Although hamburgers, pizza, and Coca-Cola are among the foods most often identified as “American” cuisine, the truth is that over-sugared, over-salted, and fat-laden processed fare does not represent the true American diet. The original American cuisine arose from the vibrant and diverse indigenous cultures that thrived across the North American continent for thousands of years before colonization.
European colonists disrupted the indigenous cultures and their foodways—introducing white flour, sugar, dairy, and fat and pushing them away from traditions that honored elders, shared wisdom, and operated in tune with nature.

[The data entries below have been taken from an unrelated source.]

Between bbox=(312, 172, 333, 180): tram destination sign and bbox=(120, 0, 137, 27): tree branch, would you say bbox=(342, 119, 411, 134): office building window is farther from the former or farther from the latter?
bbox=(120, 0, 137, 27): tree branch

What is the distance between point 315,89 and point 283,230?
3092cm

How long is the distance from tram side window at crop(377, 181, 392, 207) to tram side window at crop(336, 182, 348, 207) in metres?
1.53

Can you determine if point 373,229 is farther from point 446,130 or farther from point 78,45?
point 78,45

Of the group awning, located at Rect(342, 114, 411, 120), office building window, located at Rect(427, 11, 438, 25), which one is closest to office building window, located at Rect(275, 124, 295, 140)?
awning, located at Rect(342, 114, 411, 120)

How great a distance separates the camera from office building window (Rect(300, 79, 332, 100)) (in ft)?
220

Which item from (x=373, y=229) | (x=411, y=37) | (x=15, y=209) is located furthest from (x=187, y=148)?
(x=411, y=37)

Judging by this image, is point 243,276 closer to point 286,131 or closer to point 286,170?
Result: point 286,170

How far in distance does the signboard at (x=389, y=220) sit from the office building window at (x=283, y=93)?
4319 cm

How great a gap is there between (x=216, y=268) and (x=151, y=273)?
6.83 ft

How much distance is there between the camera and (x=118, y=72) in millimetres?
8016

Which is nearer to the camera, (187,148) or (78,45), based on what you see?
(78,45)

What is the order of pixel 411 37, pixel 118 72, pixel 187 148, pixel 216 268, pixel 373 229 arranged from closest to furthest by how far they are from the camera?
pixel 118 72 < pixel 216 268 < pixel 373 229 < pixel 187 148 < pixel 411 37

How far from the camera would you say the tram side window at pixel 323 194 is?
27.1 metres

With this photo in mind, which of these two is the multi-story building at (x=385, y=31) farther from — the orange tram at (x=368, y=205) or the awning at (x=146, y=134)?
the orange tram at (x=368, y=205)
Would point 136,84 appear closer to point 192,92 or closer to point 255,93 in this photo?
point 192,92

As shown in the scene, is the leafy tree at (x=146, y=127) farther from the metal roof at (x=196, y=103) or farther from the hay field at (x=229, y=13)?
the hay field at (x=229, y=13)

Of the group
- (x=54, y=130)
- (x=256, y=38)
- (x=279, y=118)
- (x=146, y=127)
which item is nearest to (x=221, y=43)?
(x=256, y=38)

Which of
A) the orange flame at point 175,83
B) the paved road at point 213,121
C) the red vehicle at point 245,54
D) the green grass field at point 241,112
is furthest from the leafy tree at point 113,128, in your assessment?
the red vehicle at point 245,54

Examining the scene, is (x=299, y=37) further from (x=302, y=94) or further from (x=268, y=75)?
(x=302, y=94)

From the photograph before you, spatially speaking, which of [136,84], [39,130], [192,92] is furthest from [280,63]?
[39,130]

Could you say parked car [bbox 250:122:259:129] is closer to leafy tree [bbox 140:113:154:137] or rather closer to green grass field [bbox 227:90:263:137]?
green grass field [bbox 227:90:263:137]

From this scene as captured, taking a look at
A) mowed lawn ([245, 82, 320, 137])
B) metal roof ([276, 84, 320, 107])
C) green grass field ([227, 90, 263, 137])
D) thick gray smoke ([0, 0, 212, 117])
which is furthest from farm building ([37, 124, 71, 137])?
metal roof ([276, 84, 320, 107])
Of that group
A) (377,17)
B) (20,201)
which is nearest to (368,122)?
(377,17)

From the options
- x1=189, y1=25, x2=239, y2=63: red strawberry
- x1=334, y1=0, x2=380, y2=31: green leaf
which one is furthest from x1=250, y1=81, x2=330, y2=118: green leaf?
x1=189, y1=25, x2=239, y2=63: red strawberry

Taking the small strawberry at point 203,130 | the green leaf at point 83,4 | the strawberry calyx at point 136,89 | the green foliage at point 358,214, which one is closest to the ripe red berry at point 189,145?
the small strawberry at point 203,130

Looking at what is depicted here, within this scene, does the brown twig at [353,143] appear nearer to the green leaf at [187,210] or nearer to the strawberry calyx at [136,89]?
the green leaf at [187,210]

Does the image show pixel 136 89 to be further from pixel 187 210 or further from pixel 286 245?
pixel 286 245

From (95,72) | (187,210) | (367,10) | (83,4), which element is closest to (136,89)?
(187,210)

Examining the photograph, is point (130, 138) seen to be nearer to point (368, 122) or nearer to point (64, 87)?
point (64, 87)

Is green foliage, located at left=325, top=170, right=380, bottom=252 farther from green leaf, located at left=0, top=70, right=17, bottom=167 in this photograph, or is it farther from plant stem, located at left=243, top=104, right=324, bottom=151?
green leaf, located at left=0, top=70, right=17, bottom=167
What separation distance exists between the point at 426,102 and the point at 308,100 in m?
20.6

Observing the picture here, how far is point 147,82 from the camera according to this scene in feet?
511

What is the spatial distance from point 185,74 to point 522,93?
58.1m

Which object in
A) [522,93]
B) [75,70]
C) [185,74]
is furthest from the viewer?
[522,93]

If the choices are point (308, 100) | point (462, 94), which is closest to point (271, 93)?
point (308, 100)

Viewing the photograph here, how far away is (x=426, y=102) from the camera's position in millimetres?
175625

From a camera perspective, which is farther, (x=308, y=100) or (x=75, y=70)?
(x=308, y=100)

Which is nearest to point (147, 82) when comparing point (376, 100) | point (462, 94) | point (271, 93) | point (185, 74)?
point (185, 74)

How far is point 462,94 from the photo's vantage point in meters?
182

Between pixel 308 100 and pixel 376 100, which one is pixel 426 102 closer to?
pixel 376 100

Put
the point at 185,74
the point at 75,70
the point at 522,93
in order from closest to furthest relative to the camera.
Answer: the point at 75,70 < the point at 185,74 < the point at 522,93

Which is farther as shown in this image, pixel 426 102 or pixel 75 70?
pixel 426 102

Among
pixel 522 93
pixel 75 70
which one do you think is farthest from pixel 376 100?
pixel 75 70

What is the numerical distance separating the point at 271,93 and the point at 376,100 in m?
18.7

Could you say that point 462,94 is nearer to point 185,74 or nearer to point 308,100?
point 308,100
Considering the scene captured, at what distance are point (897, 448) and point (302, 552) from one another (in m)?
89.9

The impact of the colonial diet on natives of the Americas—and also New Zealand, Australia, Southeast Asia, India, and Africa—cannot be denied. Consider the health crises caused by obesity, heart disease, Type 2 diabetes, and tooth decay. None of these conditions existed prior to colonization. Given the massive negative impacts of the colonizers’ diets, we can no longer ignore the culinary backbone of this massive continent.
Aware of this urgency, indigenous communities throughout North and South America are in the process of reclaiming their language, arts, seeds, knowledge, and cuisine. Those of us committed to the indigenous food movement are tapping into the wisdom of our ancestors—and using today’s technology to research and recover much of what was lost or destroyed. By sharing our research, as well as our elders’ wisdom, we are working together to bring something larger than any one of us to the plate. This is not a revolution or reclamation; it is an indigenous evolution.

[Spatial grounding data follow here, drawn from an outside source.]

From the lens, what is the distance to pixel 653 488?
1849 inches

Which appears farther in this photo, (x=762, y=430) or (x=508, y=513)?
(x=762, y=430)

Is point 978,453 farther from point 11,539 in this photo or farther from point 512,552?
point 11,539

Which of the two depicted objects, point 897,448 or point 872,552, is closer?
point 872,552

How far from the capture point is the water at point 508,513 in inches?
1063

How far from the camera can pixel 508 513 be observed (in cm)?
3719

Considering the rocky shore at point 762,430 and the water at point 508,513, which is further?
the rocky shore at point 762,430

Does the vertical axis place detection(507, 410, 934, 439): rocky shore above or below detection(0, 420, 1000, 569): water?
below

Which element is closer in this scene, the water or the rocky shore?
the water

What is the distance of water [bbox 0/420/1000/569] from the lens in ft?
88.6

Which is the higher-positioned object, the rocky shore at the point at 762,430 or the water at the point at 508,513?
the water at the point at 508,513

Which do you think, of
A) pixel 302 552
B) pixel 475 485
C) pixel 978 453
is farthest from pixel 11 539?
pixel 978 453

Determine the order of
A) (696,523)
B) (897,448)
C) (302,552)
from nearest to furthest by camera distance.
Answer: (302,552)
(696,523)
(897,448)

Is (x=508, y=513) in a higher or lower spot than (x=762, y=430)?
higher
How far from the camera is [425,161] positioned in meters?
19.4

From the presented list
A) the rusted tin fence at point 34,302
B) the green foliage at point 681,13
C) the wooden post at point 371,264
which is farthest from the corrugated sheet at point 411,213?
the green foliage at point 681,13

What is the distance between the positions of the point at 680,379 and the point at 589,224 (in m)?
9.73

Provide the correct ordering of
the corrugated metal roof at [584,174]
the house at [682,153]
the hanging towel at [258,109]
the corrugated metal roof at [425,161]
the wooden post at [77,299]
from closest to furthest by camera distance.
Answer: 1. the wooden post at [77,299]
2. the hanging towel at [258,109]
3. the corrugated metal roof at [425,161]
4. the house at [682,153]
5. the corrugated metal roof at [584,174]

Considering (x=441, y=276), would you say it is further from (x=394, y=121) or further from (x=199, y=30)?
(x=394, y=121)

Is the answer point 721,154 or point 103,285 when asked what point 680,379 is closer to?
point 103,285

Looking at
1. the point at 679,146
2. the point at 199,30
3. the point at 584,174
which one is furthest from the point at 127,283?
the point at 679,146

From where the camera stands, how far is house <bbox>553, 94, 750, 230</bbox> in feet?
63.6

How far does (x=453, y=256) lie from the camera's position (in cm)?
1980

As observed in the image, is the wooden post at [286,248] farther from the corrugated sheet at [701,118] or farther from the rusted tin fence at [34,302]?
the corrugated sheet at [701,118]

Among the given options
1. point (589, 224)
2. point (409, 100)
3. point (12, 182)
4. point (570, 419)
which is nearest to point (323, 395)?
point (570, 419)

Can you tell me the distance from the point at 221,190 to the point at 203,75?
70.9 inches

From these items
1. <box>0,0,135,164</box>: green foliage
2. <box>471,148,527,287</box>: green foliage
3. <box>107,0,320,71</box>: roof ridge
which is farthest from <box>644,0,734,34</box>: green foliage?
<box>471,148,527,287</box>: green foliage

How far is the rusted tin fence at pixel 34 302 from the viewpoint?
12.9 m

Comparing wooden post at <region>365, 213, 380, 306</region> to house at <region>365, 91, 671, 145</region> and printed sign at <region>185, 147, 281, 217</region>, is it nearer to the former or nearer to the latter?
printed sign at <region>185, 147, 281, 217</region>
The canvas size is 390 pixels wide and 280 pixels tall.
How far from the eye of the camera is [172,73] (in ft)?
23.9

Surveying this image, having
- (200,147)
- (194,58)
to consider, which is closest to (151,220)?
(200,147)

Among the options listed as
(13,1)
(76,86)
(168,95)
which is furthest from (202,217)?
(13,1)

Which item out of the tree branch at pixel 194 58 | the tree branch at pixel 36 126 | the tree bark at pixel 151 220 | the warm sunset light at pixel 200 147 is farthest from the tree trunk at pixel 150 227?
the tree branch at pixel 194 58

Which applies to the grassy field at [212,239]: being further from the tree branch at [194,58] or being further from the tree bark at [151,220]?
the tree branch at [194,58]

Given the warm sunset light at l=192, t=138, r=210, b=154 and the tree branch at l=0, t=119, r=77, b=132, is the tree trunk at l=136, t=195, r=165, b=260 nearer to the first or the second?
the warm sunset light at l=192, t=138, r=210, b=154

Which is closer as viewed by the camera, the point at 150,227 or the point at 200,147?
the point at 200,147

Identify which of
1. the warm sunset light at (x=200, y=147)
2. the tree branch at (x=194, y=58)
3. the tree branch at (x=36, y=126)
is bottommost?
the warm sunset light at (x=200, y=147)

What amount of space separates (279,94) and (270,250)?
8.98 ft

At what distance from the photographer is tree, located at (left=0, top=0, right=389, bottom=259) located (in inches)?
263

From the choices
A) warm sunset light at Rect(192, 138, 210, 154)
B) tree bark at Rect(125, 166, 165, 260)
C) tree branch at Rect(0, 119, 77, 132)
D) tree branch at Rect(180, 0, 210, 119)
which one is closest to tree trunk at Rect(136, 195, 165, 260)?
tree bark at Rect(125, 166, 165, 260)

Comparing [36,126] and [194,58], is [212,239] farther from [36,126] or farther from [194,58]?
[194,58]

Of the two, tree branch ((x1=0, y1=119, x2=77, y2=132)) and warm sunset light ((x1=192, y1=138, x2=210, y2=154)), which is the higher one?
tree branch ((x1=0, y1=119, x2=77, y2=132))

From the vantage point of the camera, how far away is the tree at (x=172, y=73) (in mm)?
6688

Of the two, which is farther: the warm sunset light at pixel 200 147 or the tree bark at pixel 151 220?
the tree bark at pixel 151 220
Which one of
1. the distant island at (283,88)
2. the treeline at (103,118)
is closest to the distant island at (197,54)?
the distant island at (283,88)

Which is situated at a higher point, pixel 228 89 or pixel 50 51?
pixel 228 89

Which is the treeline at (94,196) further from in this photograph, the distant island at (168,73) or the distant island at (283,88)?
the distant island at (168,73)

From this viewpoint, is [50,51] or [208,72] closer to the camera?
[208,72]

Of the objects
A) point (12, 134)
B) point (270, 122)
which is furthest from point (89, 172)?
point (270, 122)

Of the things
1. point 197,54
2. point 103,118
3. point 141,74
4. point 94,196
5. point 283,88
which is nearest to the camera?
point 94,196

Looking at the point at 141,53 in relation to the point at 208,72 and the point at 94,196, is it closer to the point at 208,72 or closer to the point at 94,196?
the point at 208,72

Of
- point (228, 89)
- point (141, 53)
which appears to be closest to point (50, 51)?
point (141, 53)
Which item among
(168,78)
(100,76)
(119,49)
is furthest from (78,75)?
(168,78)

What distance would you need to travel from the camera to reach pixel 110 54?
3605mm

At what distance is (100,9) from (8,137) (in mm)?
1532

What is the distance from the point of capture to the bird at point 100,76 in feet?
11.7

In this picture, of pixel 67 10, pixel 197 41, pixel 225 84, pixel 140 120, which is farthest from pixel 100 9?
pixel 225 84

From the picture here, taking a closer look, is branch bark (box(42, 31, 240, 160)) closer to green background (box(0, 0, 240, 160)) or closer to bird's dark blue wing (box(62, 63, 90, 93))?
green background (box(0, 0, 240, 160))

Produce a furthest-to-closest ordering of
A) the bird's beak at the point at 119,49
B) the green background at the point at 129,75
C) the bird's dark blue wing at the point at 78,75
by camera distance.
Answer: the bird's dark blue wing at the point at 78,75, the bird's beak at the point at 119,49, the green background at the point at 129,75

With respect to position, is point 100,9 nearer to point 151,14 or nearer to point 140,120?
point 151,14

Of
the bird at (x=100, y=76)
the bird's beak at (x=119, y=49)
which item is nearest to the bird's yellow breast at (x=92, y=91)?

My commitment to this work resulted in the 2014 opening of The Sioux Chef, an indigenous enterprise based in Minneapolis. At The Sioux Chef, a team of chefs, ethnobotanists, food preservationists, adventurers, foragers, caterers, artists, musicians, and food lovers—who are also Anishinaabe, Mdewakanton Dakota, Navajo, Northern Cheyenne, Oglala Lakota, and Wahpeton-Sisseton Dakota—does research, education on our original food systems, nutritional literacy, entrepreneurship workshops, and other capacity-building through the new non-profit the North American Traditional Indigenous Food Systems (NāTIFs). This is in addition to our catering company, the Tatanka Truck, which we recently sold, and the restaurant that we are in development to open through the Minneapolis Parks Board in 2019 on the Mississippi.
Over the last 18 months, I have worked with author Beth Dooley to document our enterprise’s work in our first cookbook, The Sioux Chef’s Indigenous Kitchen, which we are celebrating with a book launch party tonight in Minneapolis.

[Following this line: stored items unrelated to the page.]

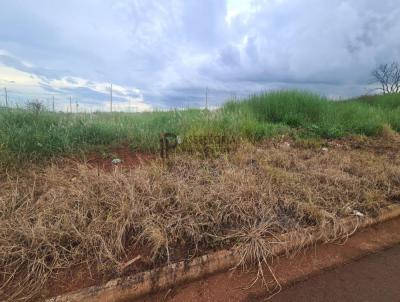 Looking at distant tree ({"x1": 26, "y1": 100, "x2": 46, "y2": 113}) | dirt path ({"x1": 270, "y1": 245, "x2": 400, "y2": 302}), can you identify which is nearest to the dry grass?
dirt path ({"x1": 270, "y1": 245, "x2": 400, "y2": 302})

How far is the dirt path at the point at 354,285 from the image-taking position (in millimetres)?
1516

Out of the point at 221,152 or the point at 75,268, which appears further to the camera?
the point at 221,152

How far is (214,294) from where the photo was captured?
4.96ft

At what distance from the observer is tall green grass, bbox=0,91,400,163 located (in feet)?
10.9

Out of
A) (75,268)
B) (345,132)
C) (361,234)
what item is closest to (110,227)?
(75,268)

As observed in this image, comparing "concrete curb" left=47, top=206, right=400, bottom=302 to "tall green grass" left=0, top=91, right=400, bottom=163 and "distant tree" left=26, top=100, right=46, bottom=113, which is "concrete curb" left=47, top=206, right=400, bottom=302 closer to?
"tall green grass" left=0, top=91, right=400, bottom=163

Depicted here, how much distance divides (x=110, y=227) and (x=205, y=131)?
2622 millimetres

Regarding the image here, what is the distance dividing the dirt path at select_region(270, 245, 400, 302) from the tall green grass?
2.78m

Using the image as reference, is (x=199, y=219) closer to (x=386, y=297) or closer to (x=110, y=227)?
(x=110, y=227)

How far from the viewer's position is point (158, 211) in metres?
2.07

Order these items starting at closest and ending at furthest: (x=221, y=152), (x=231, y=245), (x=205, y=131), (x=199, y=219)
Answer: (x=231, y=245), (x=199, y=219), (x=221, y=152), (x=205, y=131)

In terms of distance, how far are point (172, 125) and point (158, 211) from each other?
9.65 ft

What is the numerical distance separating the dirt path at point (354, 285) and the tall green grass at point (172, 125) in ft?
9.13

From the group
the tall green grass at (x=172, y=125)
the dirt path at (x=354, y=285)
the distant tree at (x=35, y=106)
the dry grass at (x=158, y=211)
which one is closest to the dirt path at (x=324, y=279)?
the dirt path at (x=354, y=285)
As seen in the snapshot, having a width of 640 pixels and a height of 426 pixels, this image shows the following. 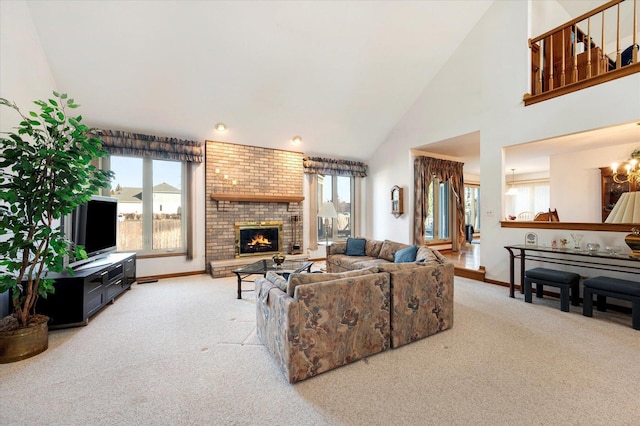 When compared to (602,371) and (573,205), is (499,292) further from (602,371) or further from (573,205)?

The book demonstrates that using only regional indigenous ingredients—and cutting out colonial foods completely—equips us to live and eat the way we want to today, regardless of our backgrounds. It’s all-natural, local, seasonal, gluten- and dairy-free, and it is delicious. Among the recipes we’ve included in the book are Three Sisters Summertime Salad with Smoked Trout, Braised Sunflowers, Sage and Rose-Hip Roasted Duck, Bison Tartare, and many more.
Becoming Aware of a Disconnect
The seeds of my mission to revive indigenous foodways were planted many years ago. I grew up on Pine Ridge reservation in South Dakota, where both my parents were born and raised, and I only slowly realized I knew little to nothing of my own heritage and the foods of the Oglala Lakota.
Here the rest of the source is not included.